(Crawled caption data)
+++++
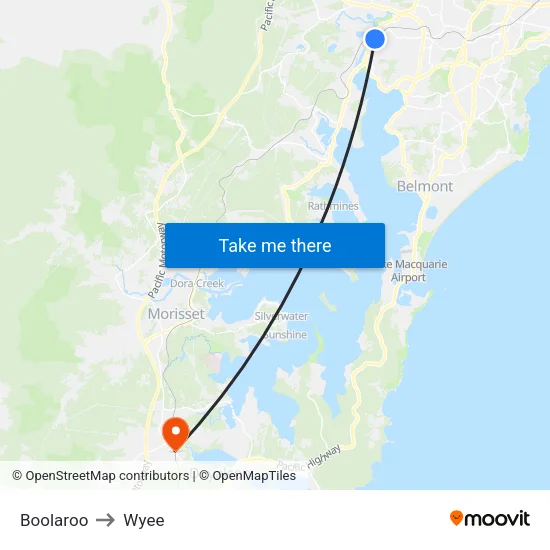 Boolaroo to Wyee map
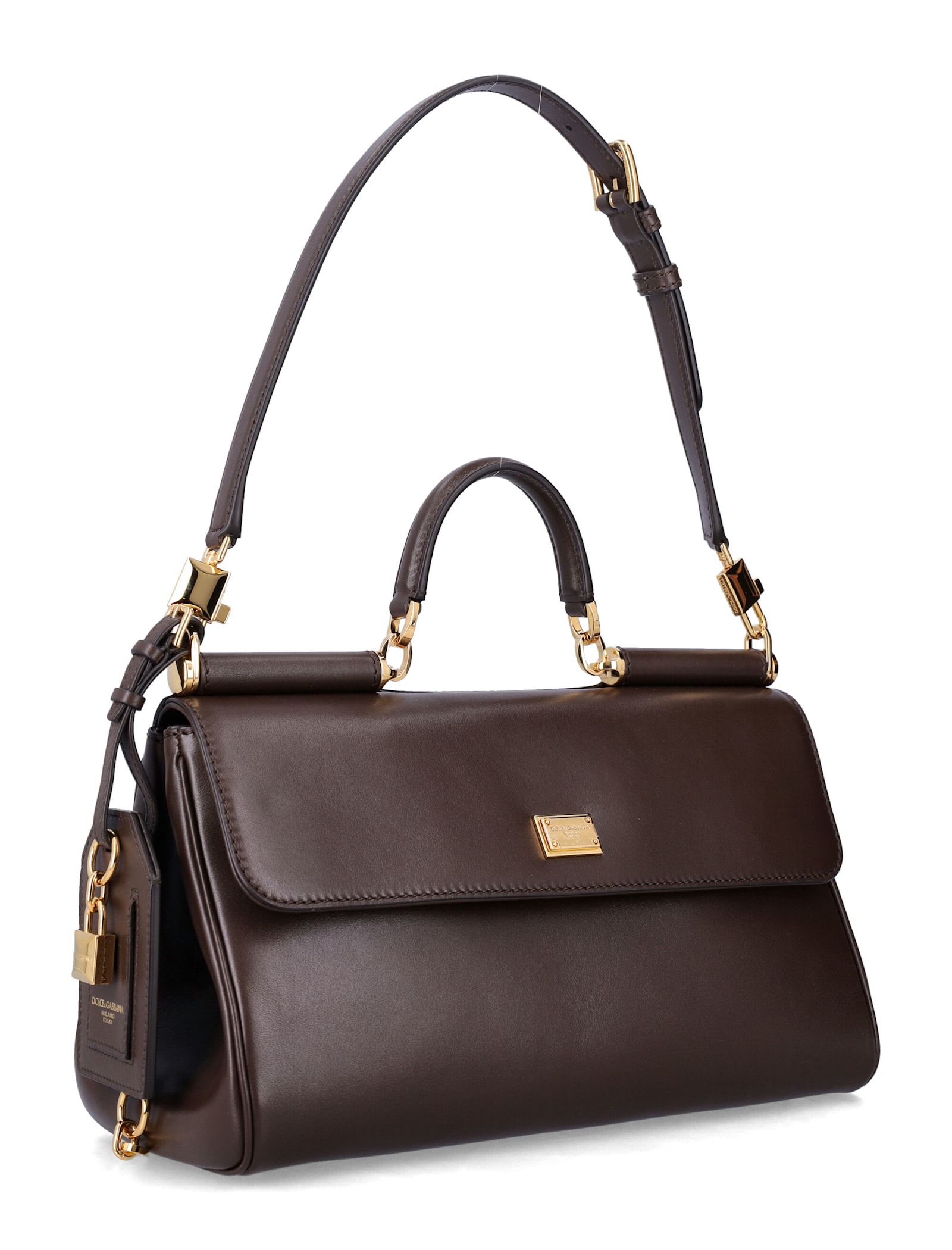 Dolce & Gabbana My Sicily Brown Calfskin Handbag In Brown
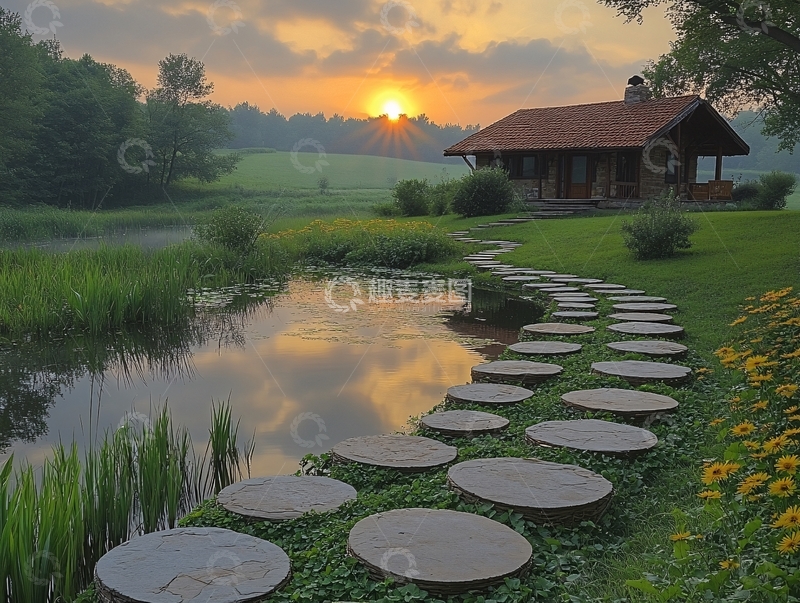 高清大图下载【趣麦麦图】汀步庄园1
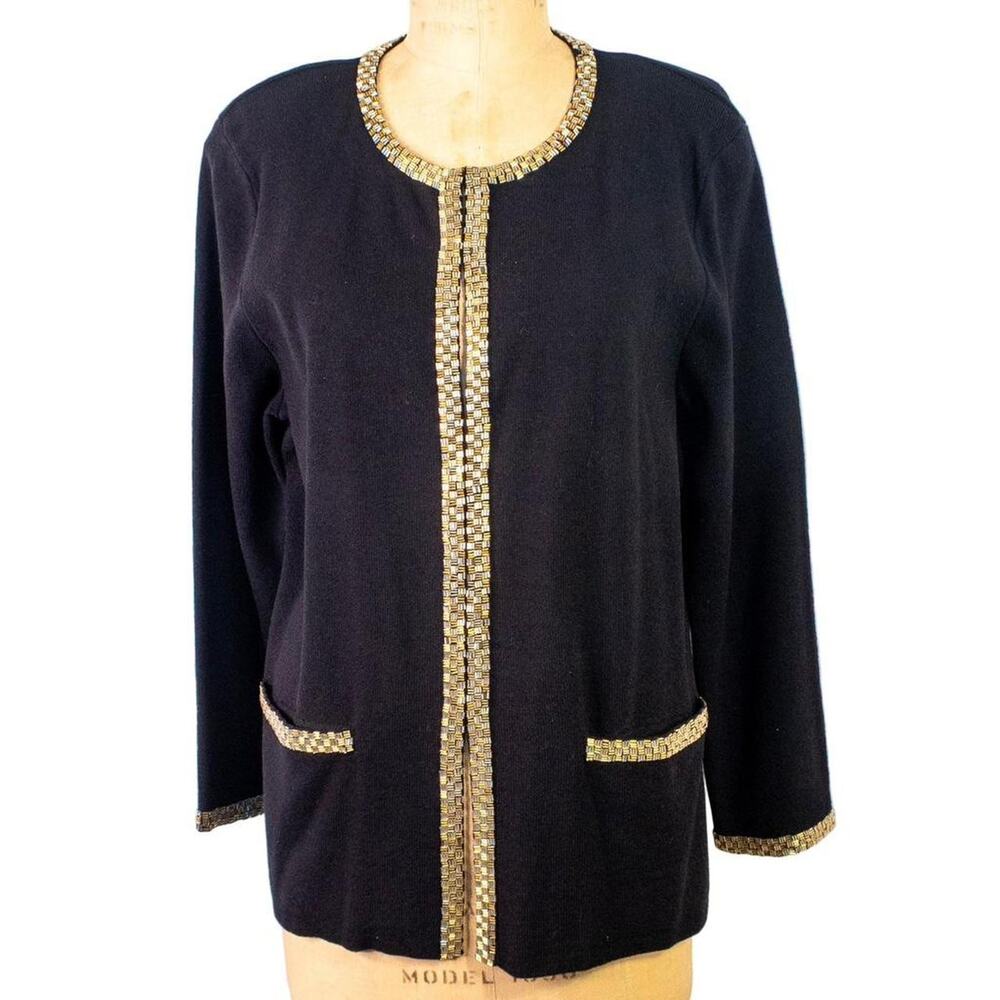 Black Wool Blend Sweater by Adrianna Papell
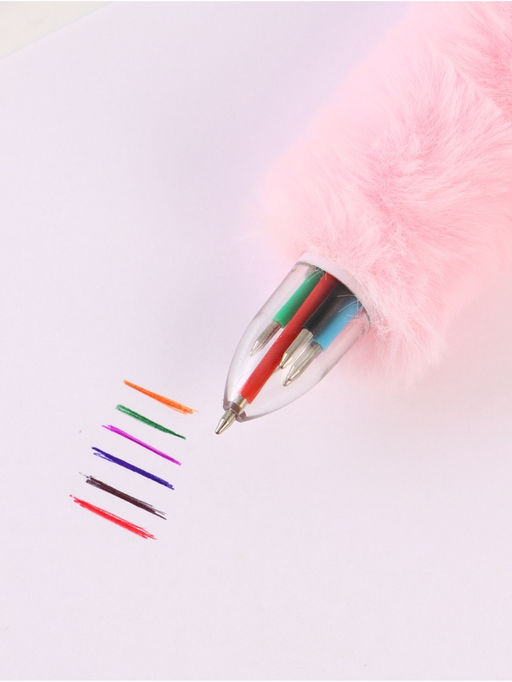 Блокнот пушистый и ручка многоцветная «Эйнджел», розовый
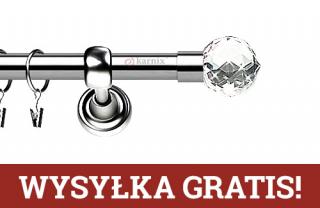 Karnisze Metalowe Rzymskie pojedynczy 19mm Beluna Crystal INOX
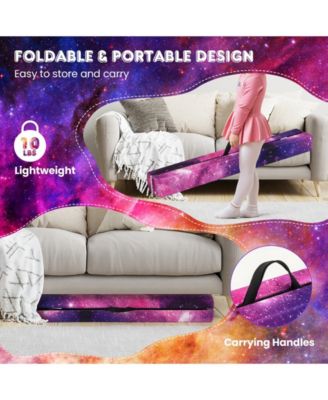 Folding Balance Beam with Solid Wood Base and Anti-slip Bottom-Pink.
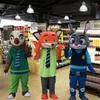 Trajes de mascote Crazy City Animal Judy Hopp Rabbits e Nick Costume para evento de festa de Halloween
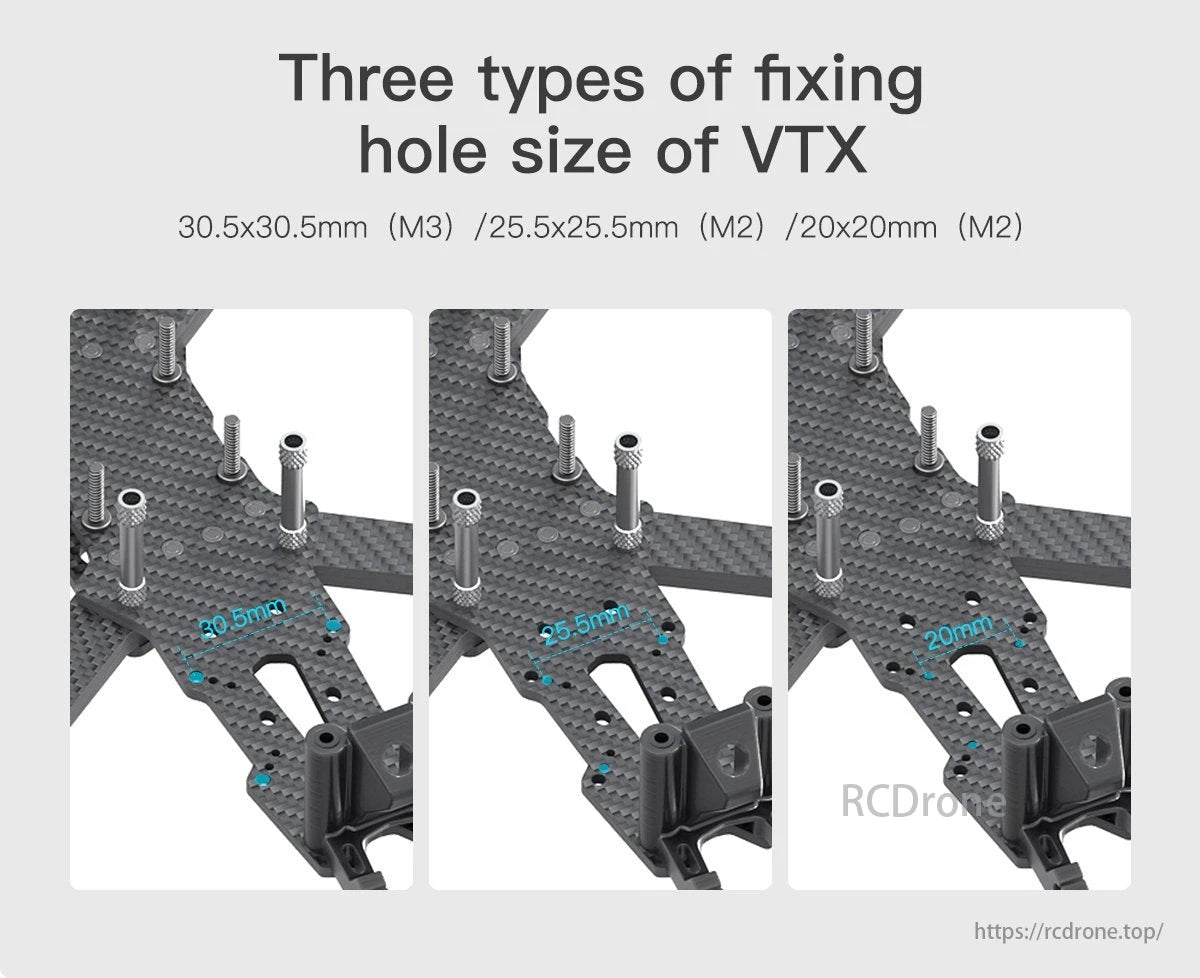 GEP Mark4 FPV Drone, VTX fixing hole sizes include 30.5x30.5mm (M3), 25.5x25.5mm (M2), and 20x20mm (M2).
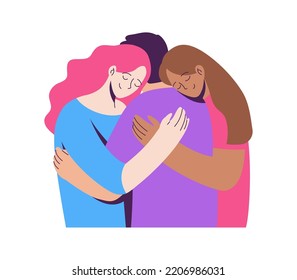 3 Diversity Characters Hug. Polyamory Concept. 2 Girls, 1 Guy. Notions Of Polygamy, Open Romantic And Sexual Relations. Ethical Non Monogamy. Vector Flat Illustration Isolated On White Background 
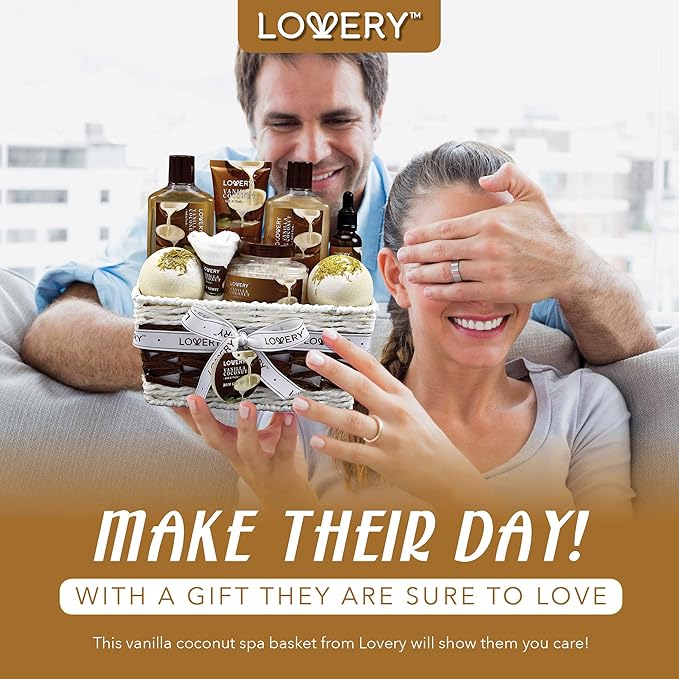 Gifts For Women Gift Basket for Women– 9 Piece Christmas Gifts Set of Vanilla Coconut Home Spa Set, Luxurious Holiday Bath and Body Sets Includes Fragrant Lotions, Extra Large Bath Bombs, Coconut Oil LOVERY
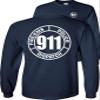 FAIR GAME 911 Operator Long Sleeve Shirt 911 Dispatch Fire EMS Police Circle-Navy-Medium view 1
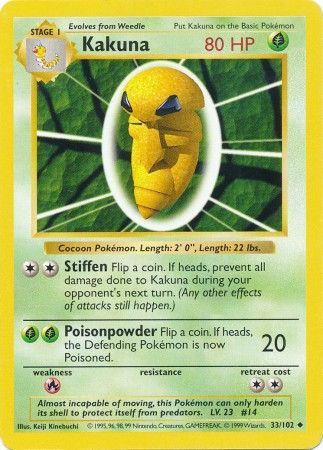 Kakuna (33/102) [Base Set Shadowless Unlimited] | Good Games Cannington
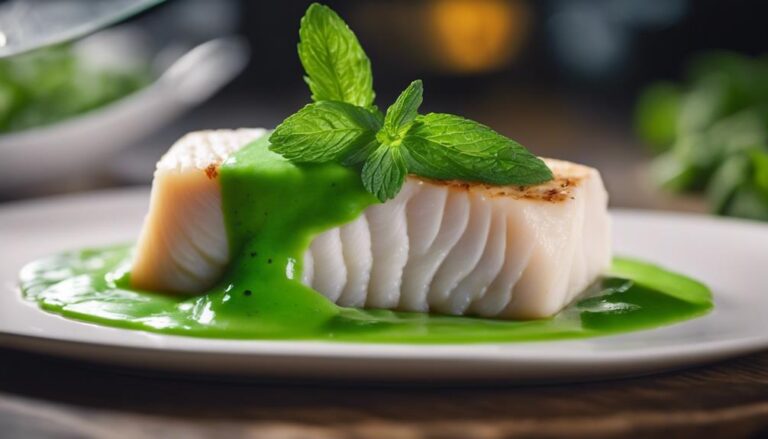 Sous Vide Halibut With Pea and Mint Puree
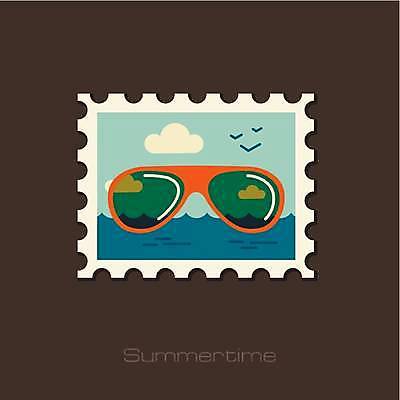 EPS 해외이미지 바다 하늘색 일러스트 갈매기 세마리 사람없음 선글라스 우표 해외일러스트 안경 조류 3 파란색 파일형식 벡터 이미지허브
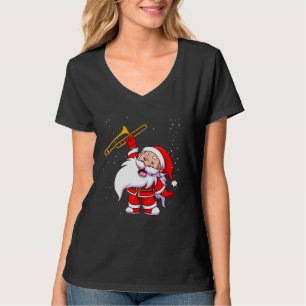サンタクロース遊のトロンボーンおもしろいクリスマス Tシャツ
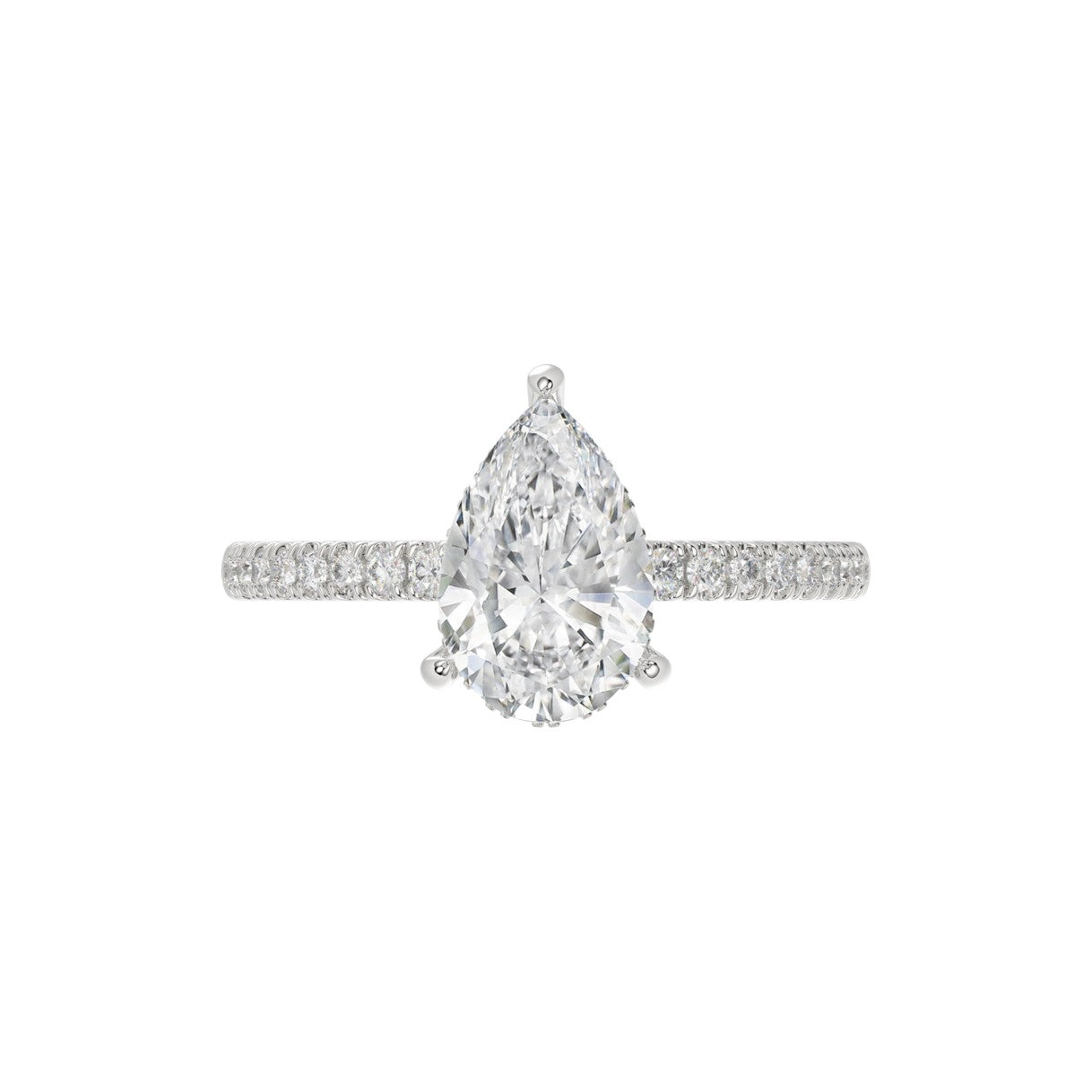 14K WHITE GOLD 2 3/4CT ROUND/PEAR DIAMOND LADIES RING (CENTER STONE PEAR DIAMOND 2CT)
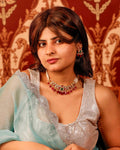 Handcrafted Kundan & Pearl Choker Set: Traditional Indian Necklace with Ruby Emerald Accents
+++++
Please transcribe every entry exactly as written, leaving the pictures out.

 Boolaroo to Wyee map
 Dolce & Gabbana My Sicily Brown Calfskin Handbag In Brown
 高清大图下载【趣麦麦图】汀步庄园1
 Black Wool Blend Sweater by Adrianna Papell
 Блокнот пушистый и ручка многоцветная «Эйнджел», розовый
 Karnisze Metalowe Rzymskie pojedynczy 19mm Beluna Crystal INOX
 Folding Balance Beam with Solid Wood Base and Anti-slip Bottom-Pink.
 Trajes de mascote Crazy City Animal Judy Hopp Rabbits e Nick Costume para evento de festa de Halloween
 GEP Mark4 FPV Drone, VTX fixing hole sizes include 30.5x30.5mm (M3), 25.5x25.5mm (M2), and 20x20mm (M2).
 3 Diversity Characters Hug. Polyamory Concept. 2 Girls, 1 Guy. Notions Of Polygamy, Open Romantic And Sexual Relations. Ethical Non Monogamy. Vector Flat Illustration Isolated On White Background 
 Gifts For Women Gift Basket for Women– 9 Piece Christmas Gifts Set of Vanilla Coconut Home Spa Set, Luxurious Holiday Bath and Body Sets Includes Fragrant Lotions, Extra Large Bath Bombs, Coconut Oil LOVERY
 FAIR GAME 911 Operator Long Sleeve Shirt 911 Dispatch Fire EMS Police Circle-Navy-Medium view 1
 Kakuna (33/102) [Base Set Shadowless Unlimited] | Good Games Cannington
 Sous Vide Halibut With Pea and Mint Puree
 EPS 해외이미지 바다 하늘색 일러스트 갈매기 세마리 사람없음 선글라스 우표 해외일러스트 안경 조류 3 파란색 파일형식 벡터 이미지허브
サンタクロース遊のトロンボーンおもしろいクリスマス Tシャツ
 14K WHITE GOLD 2 3/4CT ROUND/PEAR DIAMOND LADIES RING (CENTER STONE PEAR DIAMOND 2CT)
 Handcrafted Kundan & Pearl Choker Set: Traditional Indian Necklace with Ruby Emerald Accents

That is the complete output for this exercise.